Troubleshooting
This section captures the most common pitfalls and how to resolve them quickly.
Client does not appear in the UI
Symptoms: Client starts, but no node shows up in the dashboard.
Checks:
- Verify the client can reach the host on --host-discover-port.
- Confirm the host is reachable from the client (use a non-loopback --host-ip).
- Check firewall rules between client and host.
UI loads but data is empty
Symptoms: UI opens, but no nodes or deployments show up.
Checks:
- Ensure the backend is running on --host-backend-port.
- Verify VITE_BACKEND_HOST in host/frontend/.env matches your host IP.
- If you changed ports, restart the frontend service.
Blank page behind reverse proxy
Symptoms: The UI shows a blank page when accessed through Nginx or another reverse proxy.
Checks:
- If you proxy under a path (for example /vllm/), set VITE_BASE_PATH=/vllm/ in host/frontend/.env.
- Restart the frontend service so Vite picks up the new base path.
Consul port confusion
Symptoms: Clients fail to register when using the Consul default port (8500).
Explanation:
- The host maps Consul's container port 8500 to a host port (default 47528).

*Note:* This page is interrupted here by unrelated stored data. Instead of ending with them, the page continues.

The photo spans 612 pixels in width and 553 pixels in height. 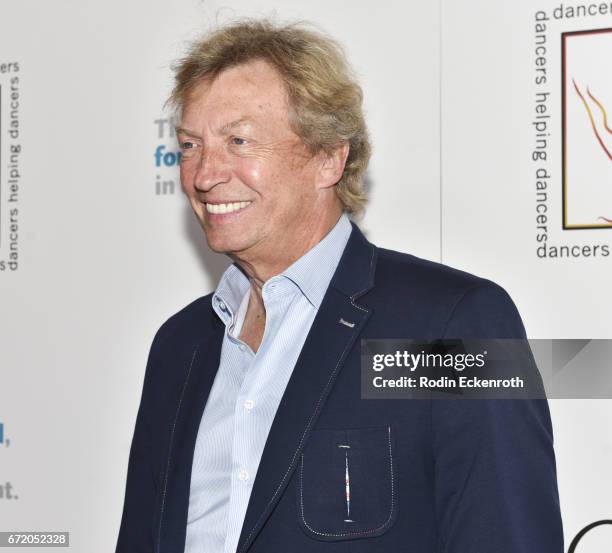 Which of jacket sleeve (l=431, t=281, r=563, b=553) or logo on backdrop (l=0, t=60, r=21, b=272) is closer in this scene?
jacket sleeve (l=431, t=281, r=563, b=553)

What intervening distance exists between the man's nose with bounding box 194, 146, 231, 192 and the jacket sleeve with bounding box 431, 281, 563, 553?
437 millimetres

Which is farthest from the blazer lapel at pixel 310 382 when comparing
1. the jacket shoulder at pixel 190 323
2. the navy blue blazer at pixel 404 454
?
the jacket shoulder at pixel 190 323

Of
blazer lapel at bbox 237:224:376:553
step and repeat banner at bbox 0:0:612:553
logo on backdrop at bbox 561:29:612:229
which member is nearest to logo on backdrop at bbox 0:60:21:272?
step and repeat banner at bbox 0:0:612:553

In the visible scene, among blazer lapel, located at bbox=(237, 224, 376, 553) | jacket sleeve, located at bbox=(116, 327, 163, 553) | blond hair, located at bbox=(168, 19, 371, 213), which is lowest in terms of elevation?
jacket sleeve, located at bbox=(116, 327, 163, 553)

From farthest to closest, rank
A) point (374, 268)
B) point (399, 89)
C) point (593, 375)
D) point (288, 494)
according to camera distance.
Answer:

- Clients must use the host port (--host-discover-port, default 47528).
CUDA detection fails
Symptoms: Client install fails with an error about CUDA detection.
Checks:
- Ensure nvcc or nvidia-smi is on PATH.
- Verify NVIDIA drivers are installed and the GPU is visible.
vLLM wheel not found
Symptoms: Install fails after detecting CUDA.
Checks: - The vLLM wheel must exist for your CUDA version and CPU architecture. - If no wheel matches your exact CUDA version, the installer automatically tries the highest compatible version. If that also fails, consider installing a supported CUDA version or building vLLM from source.
uv not found when running as a systemd service
Symptoms: Deploying a model fails with "uv is not installed or not on PATH".
Explanation: - Systemd services run with a minimal PATH that may not include user-local directories.
Checks:
- Verify uv is installed: which uv or check ~/.local/bin/uv and ~/.cargo/bin/uv.
- The client automatically searches common locations (/usr/local/bin, /usr/bin, /home/*/.local/bin, /home/*/.cargo/bin), but if uv is installed elsewhere, add its directory to the systemd service's Environment=PATH=... line.
Deployment stuck in "loading"
Symptoms: A deployment stays in the loading state and never transitions to running.
Checks:
- Open the deployment logs to see venv creation or vLLM startup errors.
- Common causes: network issues downloading packages, insufficient GPU memory, model not found on Hugging Face, or missing HF_TOKEN for gated models.
- The readiness check polls /health and /v1/models on the deployment port. Ensure no firewall blocks localhost access on the client node.
Deployments missing after backend restart
Symptoms: Running models disappear from the dashboard after restarting the host backend.
Explanation: - The sync loop automatically rediscovers running deployments from clients within ~10 seconds. If deployments still don't appear, check that the client nodes are reachable from the host.
Data disappears after host down
Symptoms: Previously created deployments are gone after shutdown.
Explanation:
- host down runs docker compose down -v, which wipes the Postgres volume.
- Remove -v in code if you want persistent data.
Tip
When debugging, start the host in the foreground to see backend and frontend logs in the terminal.